Skimming the internet for information on how to improve my voice quality, I connected with a voice teacher, Maria Todaro. Click-n-type, I made the appointment and arrived February 8th for my first lesson.

I overheard her husband Louis Otey, a baritone opera singer famous for singing in the world’s major international theaters, teaching a student on the internet. He walked out of the voice studio with his computer in his arms. I was greeted by the warm, inviting, beautiful smile of Maria Todaro, a French opera mezzo-soprano who is renowned for her virtuosity in the florid works of Rossini, Handel, Purcell, Vivaldi and Mozart, performing in Europe, the U.S. and South America. She is also a Co-Founder and Executive Director of The Phoenicia International Festival of the Voice. I modestly said,” I am here to learn how to breathe. I am a beginner.”

“You came to the right place,” she replied. Feeling calm and in tune with Maria immediately, I realized we were supposed to meet. I shared my world of ballroom dancing and connected her to the owner of Allstar dance studio whereby she shared her world as an accomplished pianist, conductor, librettist, actress, vocal teacher, stunt performer, painter and connected me with Rosa Mercedes.

Rosa, born in Barcelona, Spain, is an internationally acclaimed dancer and choreographer whose illustrious career in all of the styles of Spanish dance took her from dance companies to the world’s great opera houses, as principal dancer, choreographer and movement coach. She has had her work featured on the stages of The Metropolitan Opera, Teatro dell’Opera di Roma, Seattle Opera, Atlanta Opera, Michigan Opera Theatre, Baltimore Opera, Cincinnati Opera, Florentine Opera, Austin Lyric Opera, Dallas Opera, Florida Grand Opera, Tulsa Opera, Palm Beach Opera, and many others. She has choreographed such operas as Salome, Samson et Dalila, Aida, La Traviata, Carmen, Die Zauberflöte, Faust, Rigoletto, Lucia di Lammermoor, Un ballo in maschera, The Merry Widow, La Gioconda, Die Fledemaus, L’incoronazione de Poppea, and Romeo et Juliette, spanning a wide range of dance styles.

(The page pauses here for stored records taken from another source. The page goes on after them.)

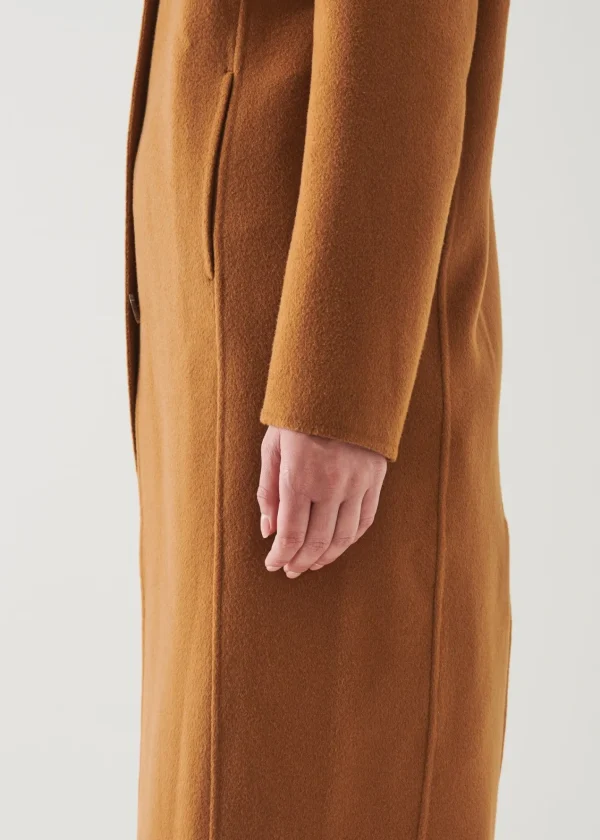 PATRICK ASSARAF Oversized Single Breasted Wool Coat | Women Outerwear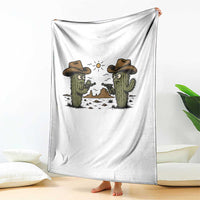Funny Lone Star Cactus Cowboy Gunfight Gift Throw Blanket - Wonder Print Shop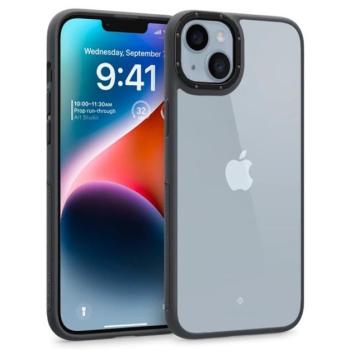 Caseology Skyfall Apple iPhone 14 Plus Matte Black tok, fekete kép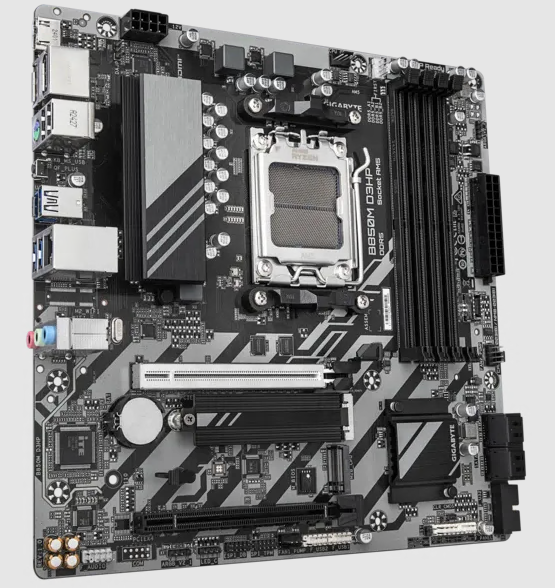 Материнская плата AMD B850 SAM5 MATX B850M D3HP GIGABYTE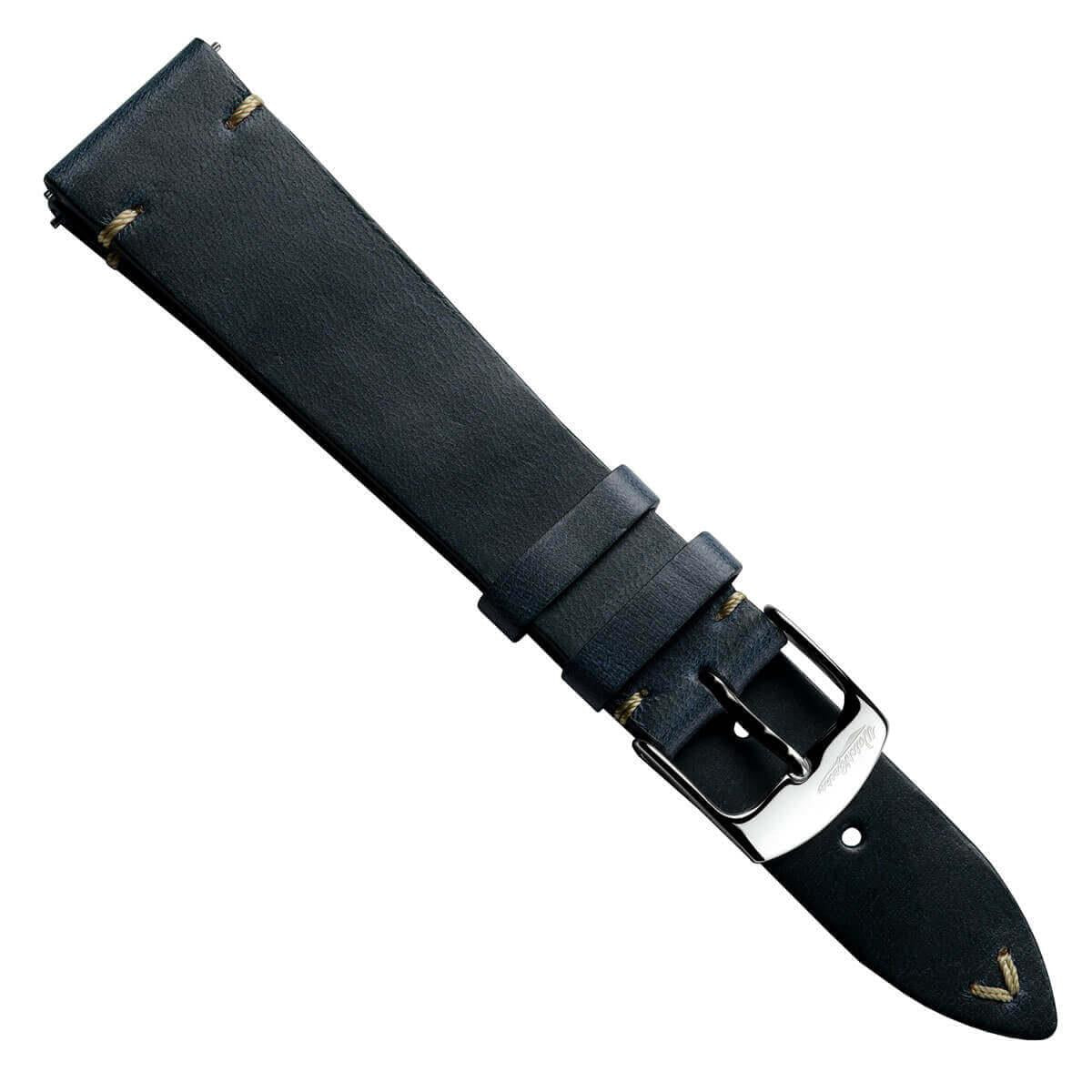 Genuine Horween Chromexcel® V-Stitch Leather Watch Strap - Chromexcel Seaweed Green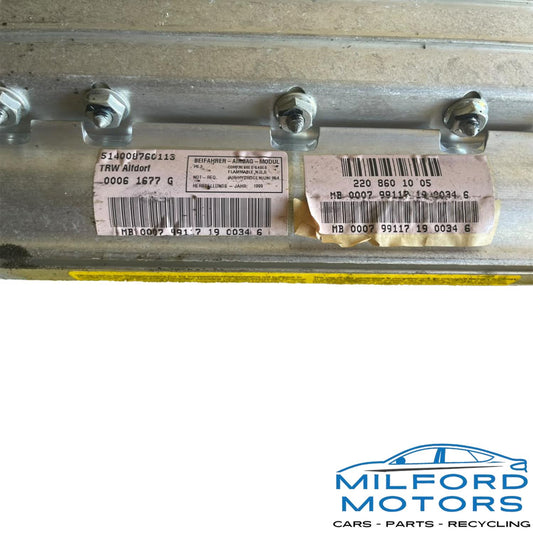 Used OEM Front Right Passenger Dashboard Airbag – 2000–2001 Mercedes-Benz S-Class W220 – 2208601005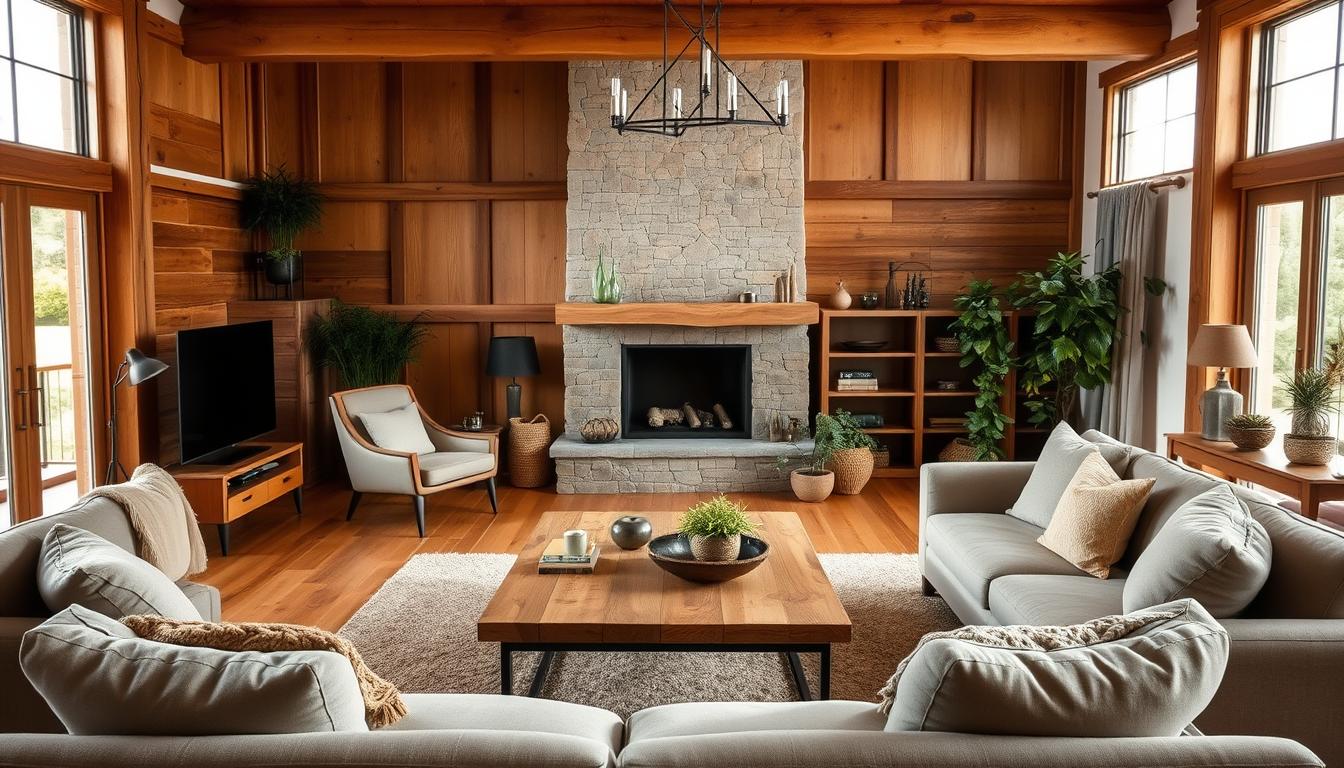 modern rustic homes interior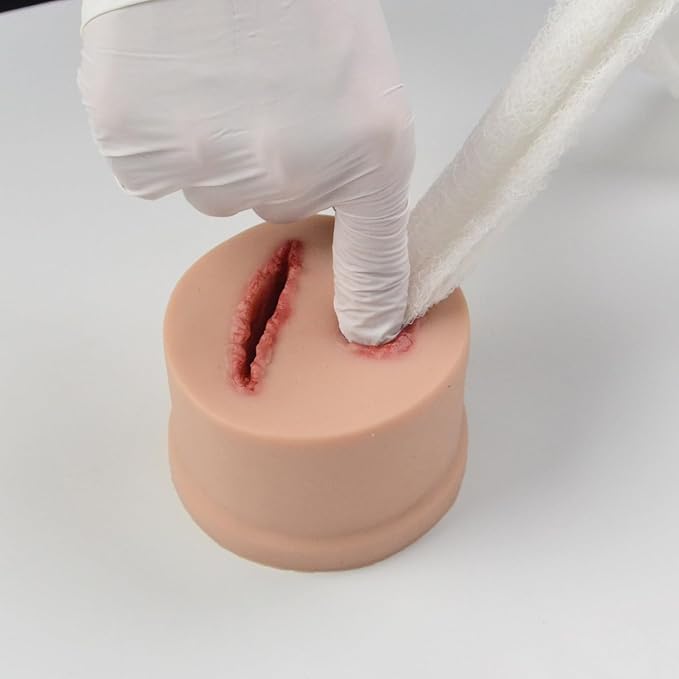 2-in-1 Wound Packing Task Trainer, Bleeding Control Kit Trainer, Stop The Bleed Practice Kit for Medical Education, First Aid Emergency Practice, Military Trauma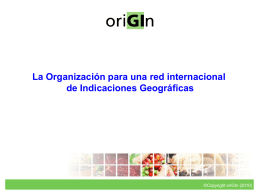 The Organization for an International Geographical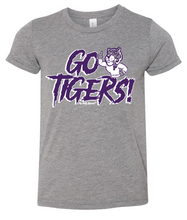 Load image into Gallery viewer, SYCAMORE CREEK GO TIGERS GREY TEE
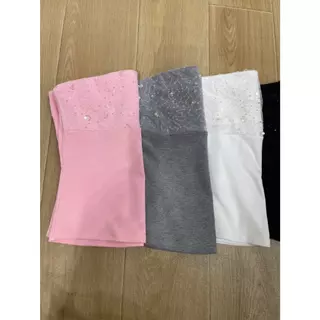 B-387 เสื้อเกาะอกผ้ายืดแต่งดีเทลน่ารัก ผ้านุ่มใส่สบาย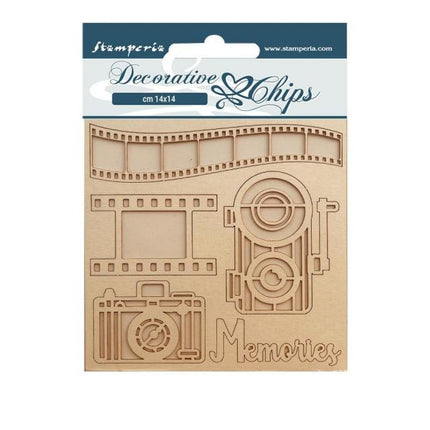 Dekorative Chips cm 14x14 - Our way Erinnerungen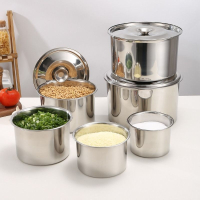 [补贴10%]304调料罐不锈钢加深加厚带盖调料瓶圆形油盆打蛋盆面盆调料缸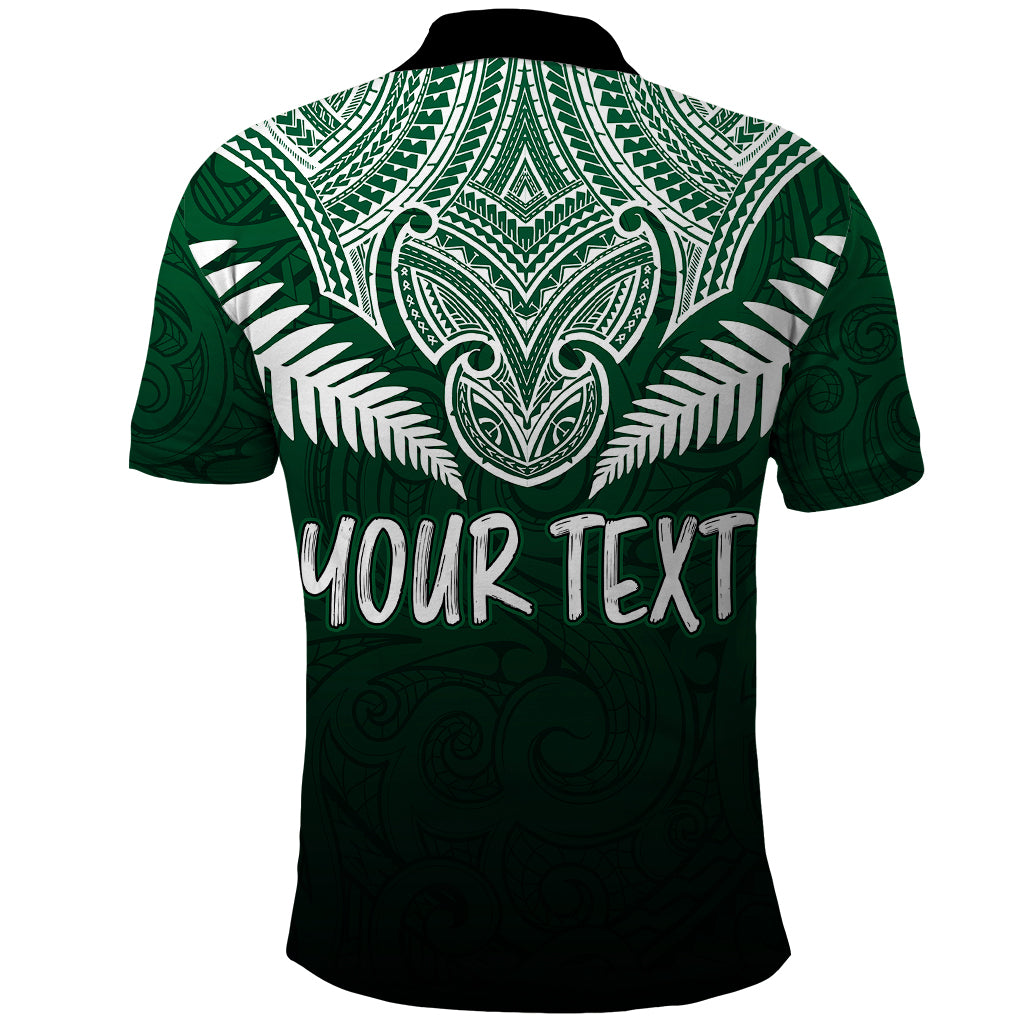 Personalised New Zealand Polo Shirt Hei Matau Mix Silver Fern Basic LT7 - Polynesian Pride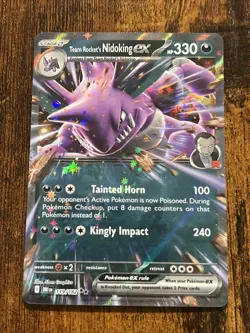 Team Rocket's Nidoking ex 119/182 - Destined Rivals - Pokemon Card NM/M - Image 1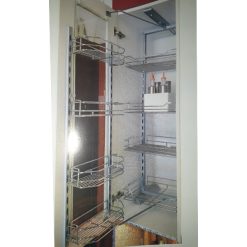 Tủ kho 4 tầng cảnh mở inox nan Eurokit HF 024Y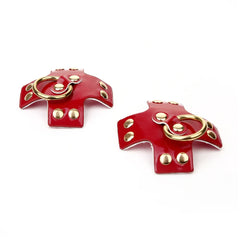 PU Leather Rebel Nipple Pasties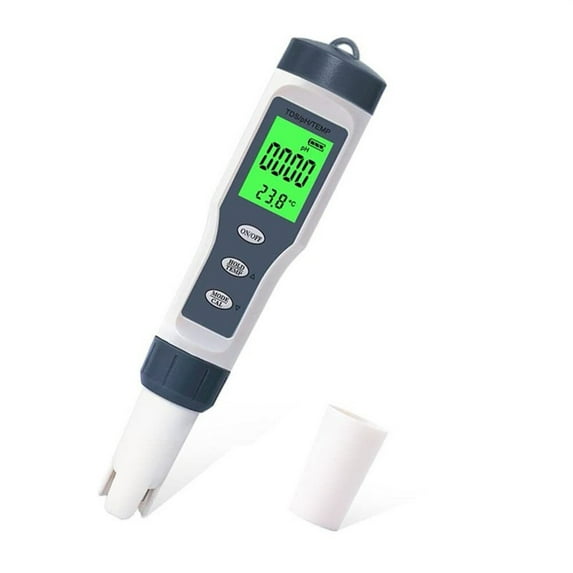 Tkrady Professional Thermometer, Backlight PH+TDS+ Temperature Water Quality Test Pen Portable PH Meter TDS Test Pen 0.01 High-Precision Algorithm Chip and Lightweight Design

In addition to choreographing dancers for productions at major opera houses around the world, Rosa takes great pride in her individual work coaching singers in their preparation of roles that require special attention towards movement and physicality. “These are the moments you see an artists transform,” she explains. “I empower them, and that is so satisfying. They come with their character well thought out, with a deep understanding of what they would like to communicate, but often without the tools or breadth of physical vocabulary to bring those things out. My sessions with singers are about freeing them to express with their bodies the way they already are so accustomed to expressing with their voices. I love it!”

One of her greatest rewards is experiencing a singer’s performance that she has prepared,
and the gratitude and admiration they show for her--for her knowledge and expertise in ​
the art form, for her grace, her persistence in never giving up on them, and for her unique
and special way of sharing of her artistry in a way that elevates those around her.